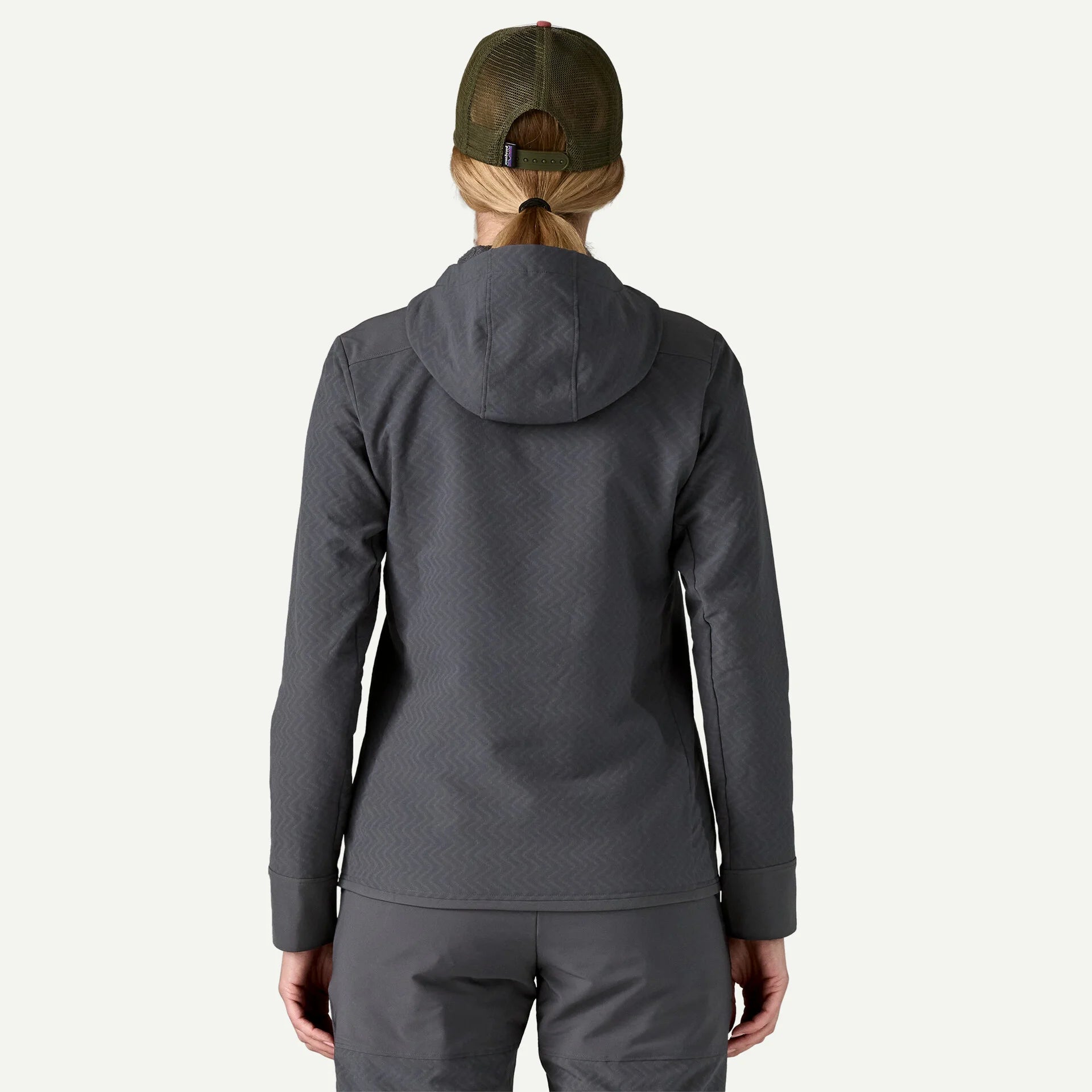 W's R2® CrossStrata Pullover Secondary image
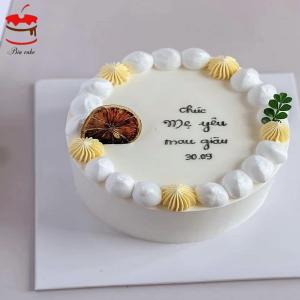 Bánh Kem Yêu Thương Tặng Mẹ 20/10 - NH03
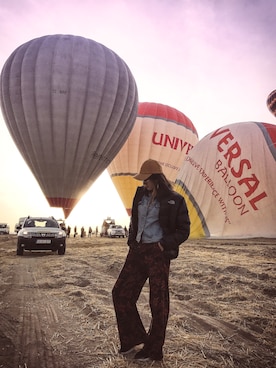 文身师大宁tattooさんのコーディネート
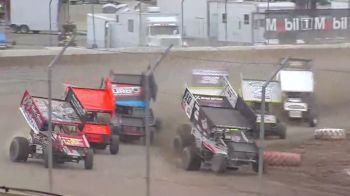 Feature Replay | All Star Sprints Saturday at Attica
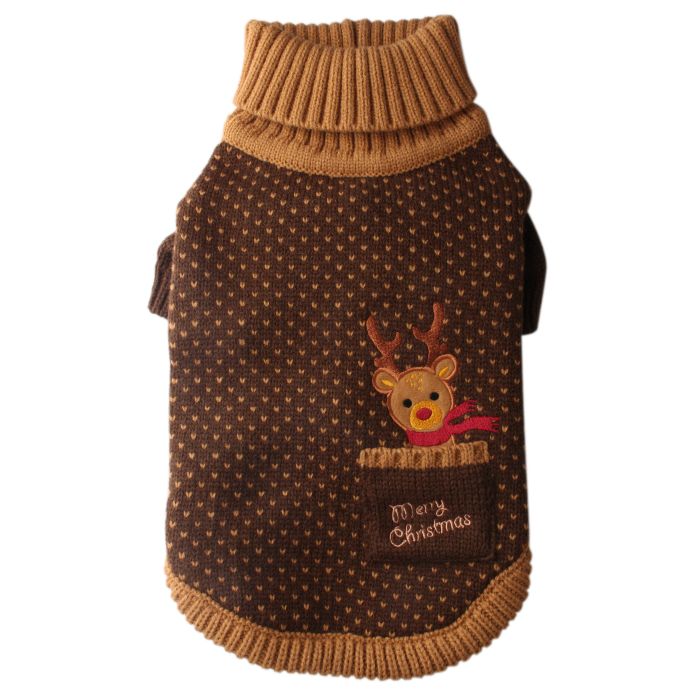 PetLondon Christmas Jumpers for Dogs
* * * * *
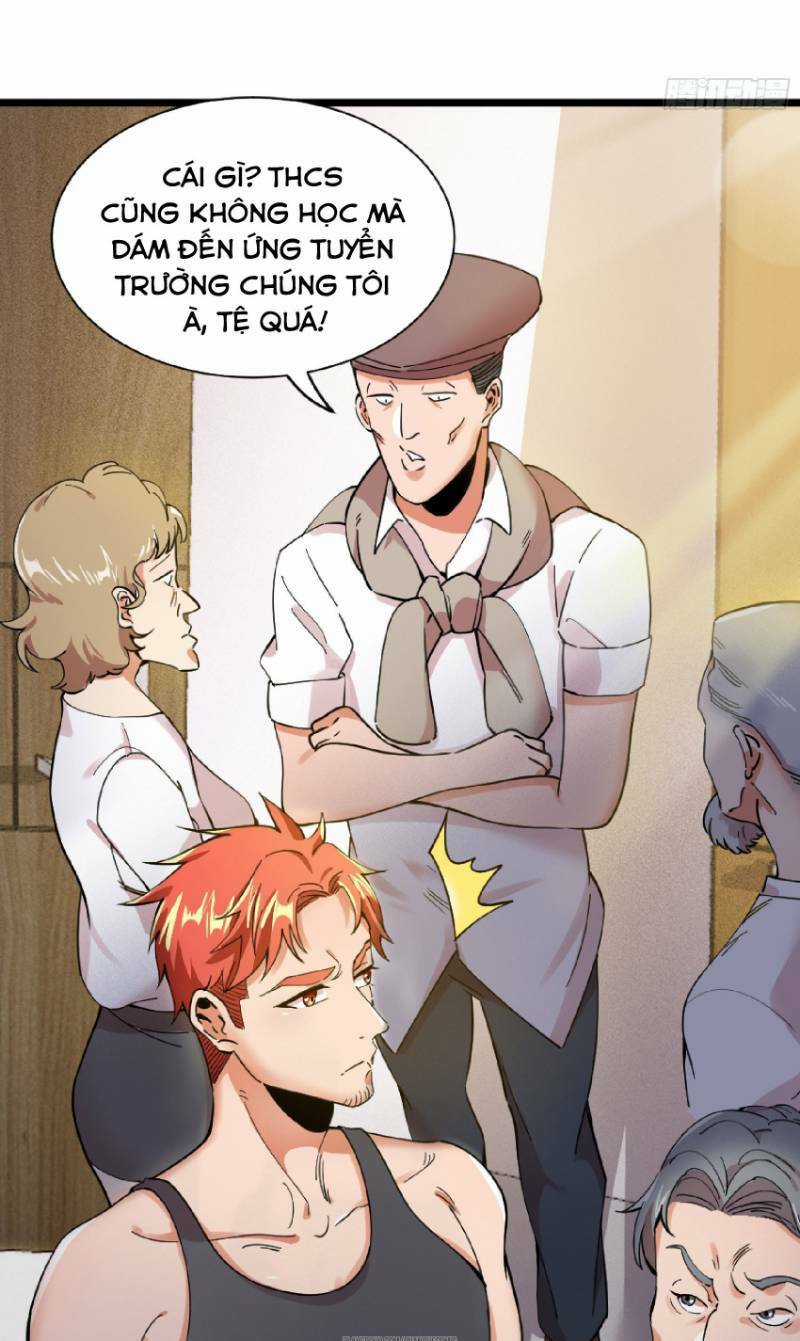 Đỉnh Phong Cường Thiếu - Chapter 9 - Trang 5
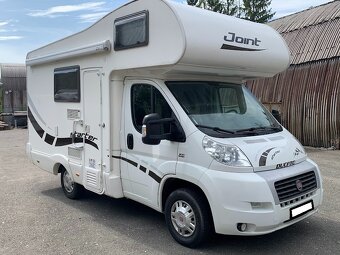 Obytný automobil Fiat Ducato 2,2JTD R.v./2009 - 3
* * * * *
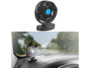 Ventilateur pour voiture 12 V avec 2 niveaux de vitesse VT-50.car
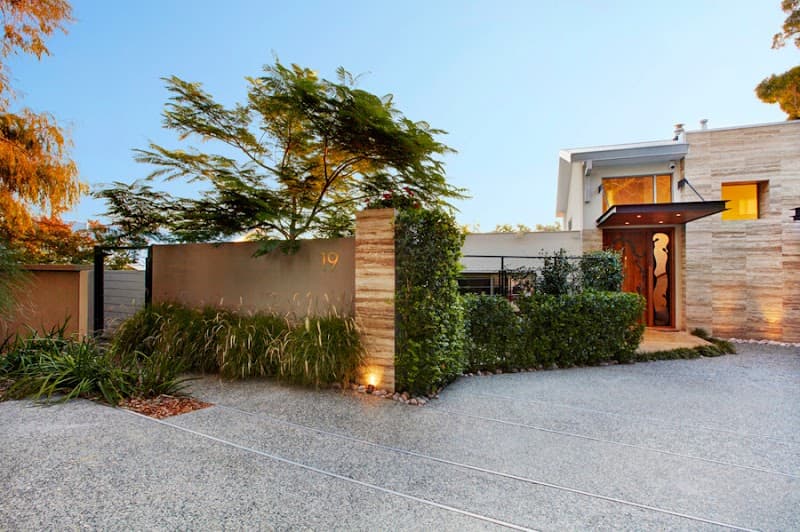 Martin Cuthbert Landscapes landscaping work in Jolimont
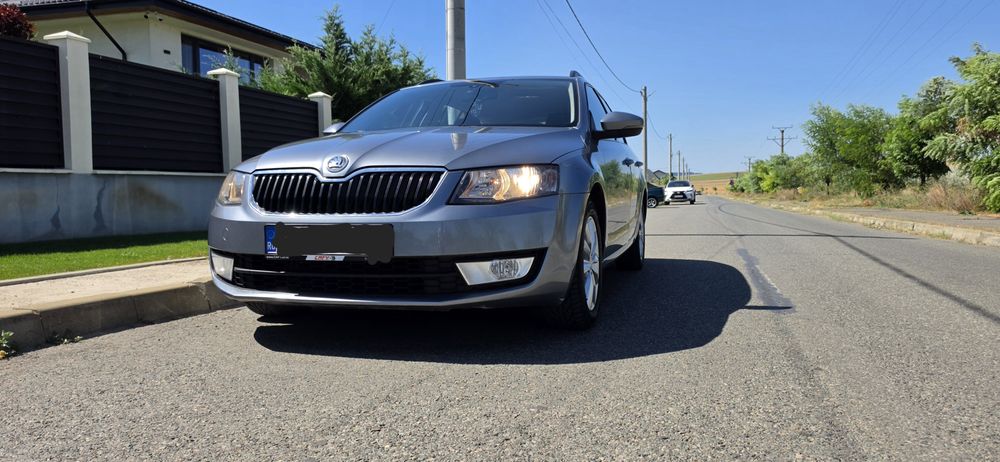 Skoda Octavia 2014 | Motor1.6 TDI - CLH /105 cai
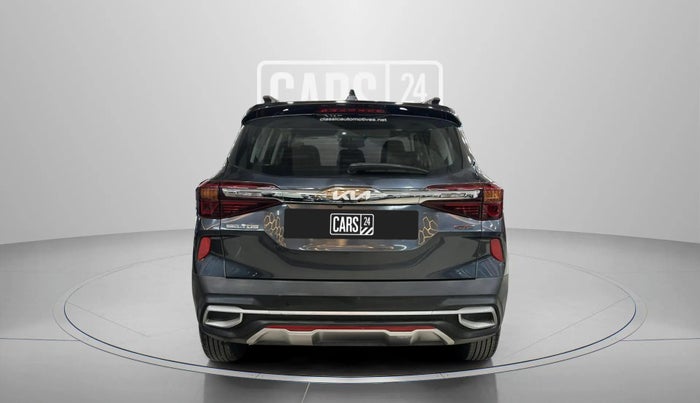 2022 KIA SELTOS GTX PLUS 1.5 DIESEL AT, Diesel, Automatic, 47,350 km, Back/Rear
* * * * *
» The problem:
Starting at the line above that holds "Feature Replay |", return each line up to and including the one that holds "PetLondon Christmas Jumpers for Dogs", exactly as written, minus any pictures.

» Exercise answer:
 Feature Replay | All Star Sprints Saturday at Attica
 PetLondon Christmas Jumpers for Dogs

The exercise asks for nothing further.